By all accounts the bulldozers are ready to roll, but when a whole city’s hovering above its classical roots, getting an international, multi-faceted construction job off the ground promises to be tricky – even when it’s worth €8bn.


And so it’s proved. After much political push and shove over the last few weeks, 30 hectares of the 620-hectare plot have now been declared of historical interest by the country’s Central Archaeological Council. This probably means the development will continue, but only after considerable delays, and under the watchful eye of archaeologists.

It would be too easy to create a magical-realist fantasy of the Ancient Greeks counterpunching against the attacks of unrestrained capital. The truth is, even infrastructure projects funded with domestic public money run into the scowling spirits of history.

Thessaloniki’s Metro system, due for completion next year, has proved to be a series of profound accidental excavations – or, in the immortal words of the boss of Attiko Metro A.E., the company in charge of the project, “problems of the past”.

The most wonderful such ‘problem’ to be revealed is the Decumanus Maximus, the main avenue of the Byzantine city – complete with only the world’s second example of a square paved with marble. Add to that hundreds of thousands of artefacts, including incredibly well-preserved jewellery, and you’ve a hell of a haul.

Once again, the solution that everyone has finally agreed on is to emulate the Athens approach – making museums of the new metro stations. (Things have moved on from early suggestions that finds should be removed and stored at an ex-army camp miles from where they were unearthed.)

There are other problems. Government departments have laid off many of their experts, and the number of archaeologists employed at sites of interest has been minimised. Non-profit organisations have had their own financial struggles. All of this has aroused international as well as local concern, a case in point being the U.S. government’s renewal of Memorandums of Understanding with the Greek state in recent years over protection of “cultural property”.

But cuts in Greece are hardly a new thing: lack of government funding has become almost accepted across society. And when an obvious target for ire recedes, the public often needs to find a new one.

Roman baths in Athens. Image: Gary Hartley.

Archaeologists are increasingly finding themselves to be that target – and in the midst of high-stakes projects, it’s extremely hard to win an argument. If they rush an excavation to allow the quickest possible completion, they’re seen as reckless. If they need more time, they’re blamed for holding up progress. 

Another widely-told but possibly-apocryphal tale illustrates this current problem. During the construction of the Athens Metro, a construction worker was so frustrated by the perceived dawdling of archaeologists that he bought a cheap imitation amphora in a gift shop, smashed it up and scattered the fragments on site.
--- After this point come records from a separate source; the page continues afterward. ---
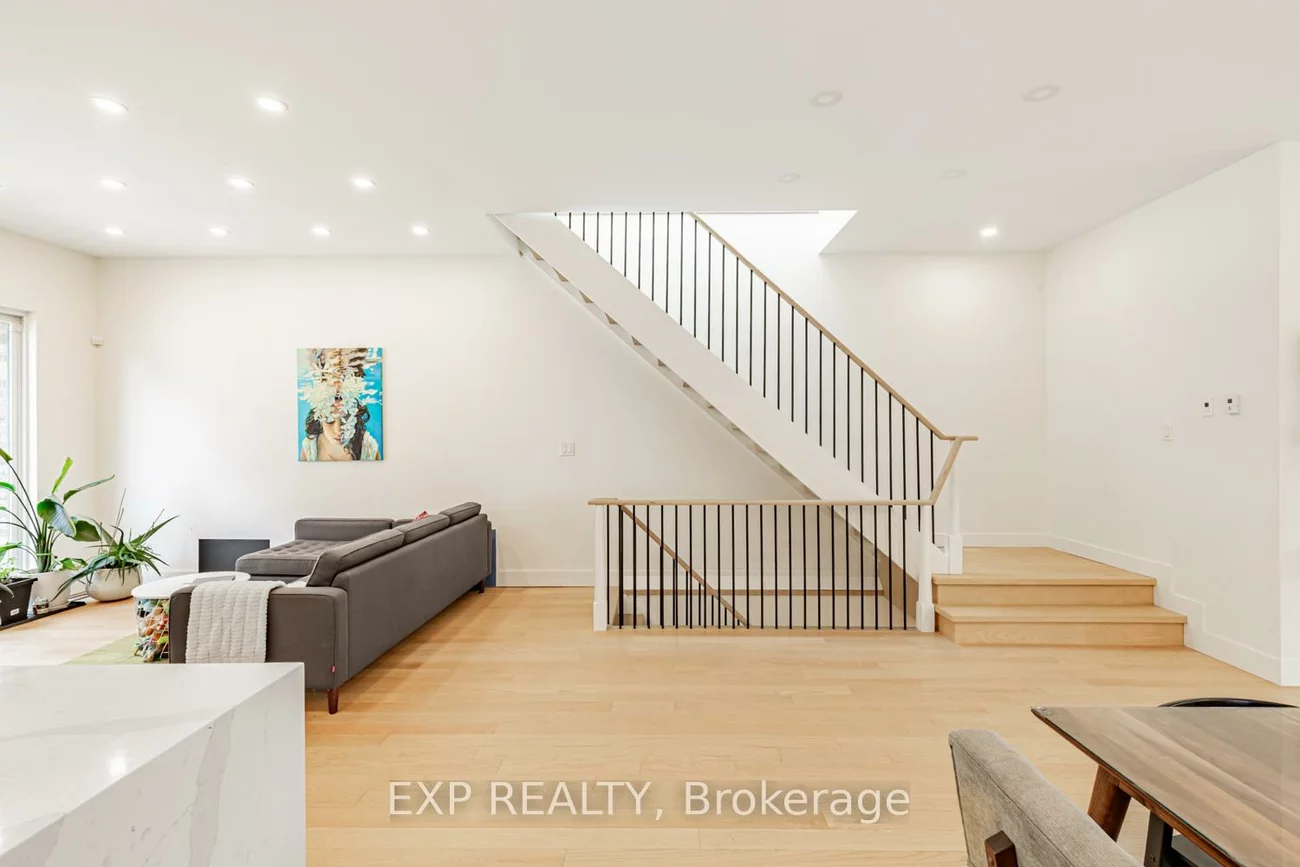 1043, Logan, Broadview North, Toronto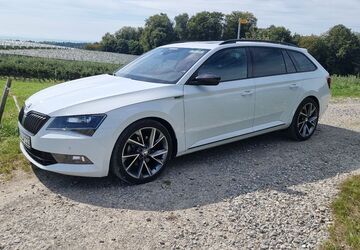 Skoda Superb 128.000 km 21.500 &euro; Friedrichshafen 88048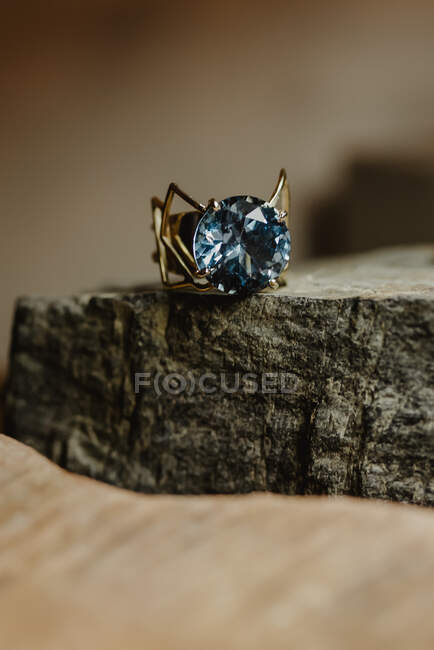 Vista laterale del dettaglio di un anello con gemma — Foto stock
The worthless pieces were painstakingly removed and analysed.

True or not, does this tale really prove any point about archaeologists? Not really. They’re generally a pragmatic bunch, simply wanting to keep relics intact and not get too embroiled in messy public debates.

It also doesn’t truly reflect mainstream attitudes to cultural capital. By and large, it’s highly valued for its own sake here. And while discoveries and delays may be ripe for satire, having history’s hoard on your doorstep offers inconveniences worth enduring. It’s also recognised that, since tourists are not just here for the blue skies, good food and beaches, it’s an important money-maker.

Nonetheless, glass malls and shiny towers with coastal views rising from public land are good for the purse, too – and the gains are more immediate. As the Greek state continues its relentless quest for inward investment, tensions are all but guaranteed in the coming years. 

This is a country that has seen so many epic battles in its time it has become a thing of cliché and oiled-up Hollywood depiction. But the latest struggle, between rapacious modernity and the buried past, could well be the most telling yet.